Una adolescente le pregunta en el metro a otra que de qué se habla “después de follar”. La otra, intuyo, es la experimentada, así que extiendo las antenas porque una siempre está en disposición de aprender.

-Tía, pues de nada, ¿de qué vas a hablar? 
-Hombre, algo diréis, es un corte quedarse callados, ¿no?
-¿Por qué? Pues te subes las bragas y te vas.
-Ahh

La chica es preciosa. Rubia, pelo largo según el estandar Hanna Montana, ojos verdes ligeramente asimétricos, un punto desaliñada. Perfume dulzón. Lleva unos minishorts, una camiseta de tirantes pese a la amenaza del otoño, una cazadora barata y unas botas de los chinos, de esas beige con tachuelas. Pone cara de asco. Esa que se les da tan bien a las de su edad y condición hormonal. La amiga, regordeta, viste parecido y tiene un acné rebelde en la cara, lo que no le impide maquillarse a conciencia, con todos los extras: base (“pote”), colorete, sombra espesa y rimmel. La misma cara desdeñosa, pero menos convincente. Y sí, quiere saber más.

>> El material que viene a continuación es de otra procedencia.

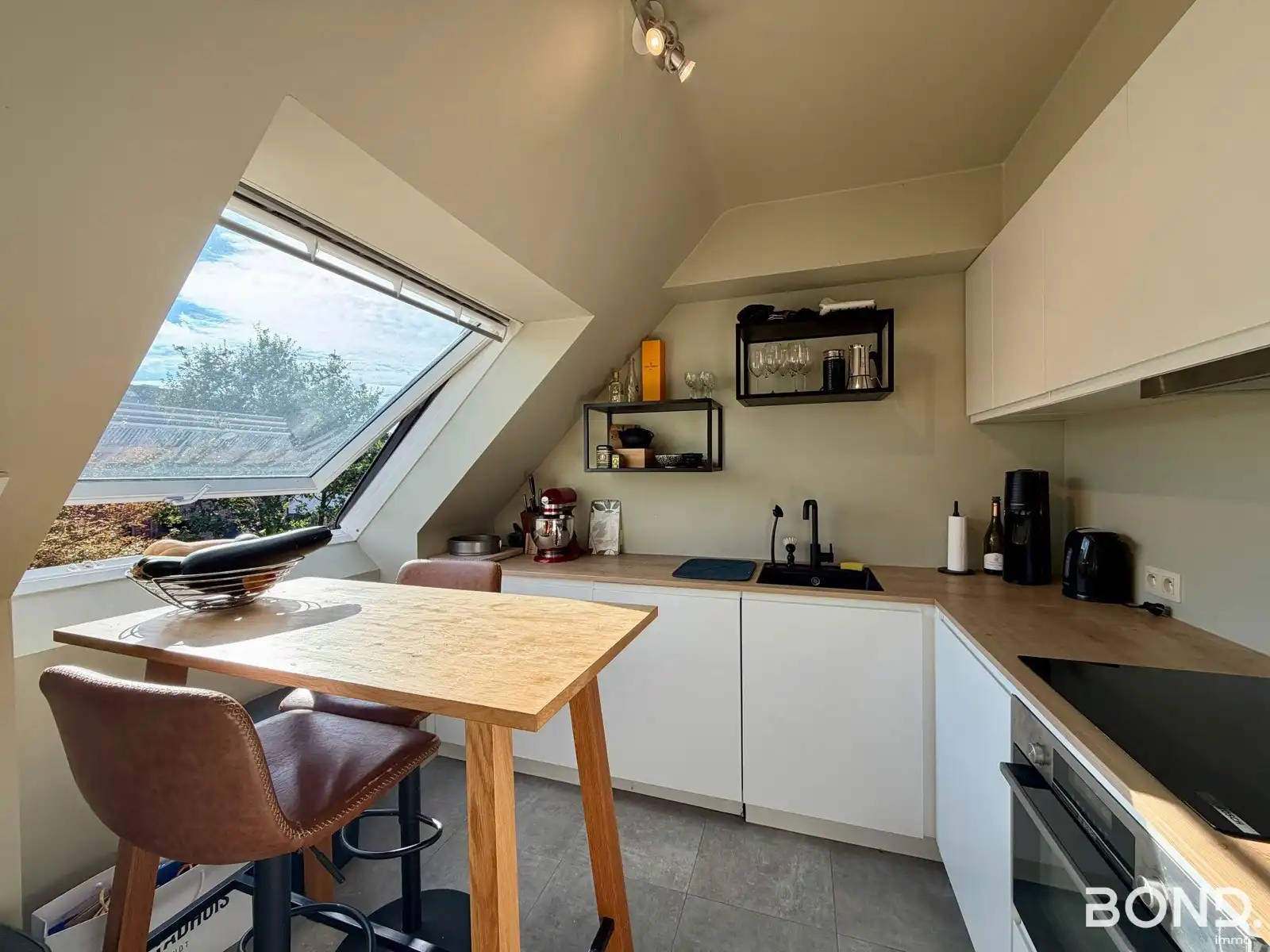 Duplex appartement te huur op toplocatie!  foto 6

-Pero Ferby (?) ¿te gusta?
-Pssss, algo.
-¿Pero le quieres?
-No sé. 
-¿Y él no está enamorado?
-Ayer cortó conmigo, se lo dijo a Javi y él me llamó para que lo supiera. 
-¡Qué cabrón!
-Tía, tú qué quieres…

Un marciano que aterrizara en ese momento sacaría estas conclusiones: ser adolescente es bajarse las bragas, pintarse como un indio cherokee, pasar frío en otoño, desdeñar al mundo y sepultar el sentimiento con frases cortas y mal rematadas. Como los shorts.

Pero, de repente, la niña guapa se ha echado a llorar y su amiga la consuela. Ser una diosa despreciada por un tipejillo llamado Ferby que no dice palabra tras correrse es duro. Tiene que ser muy duro.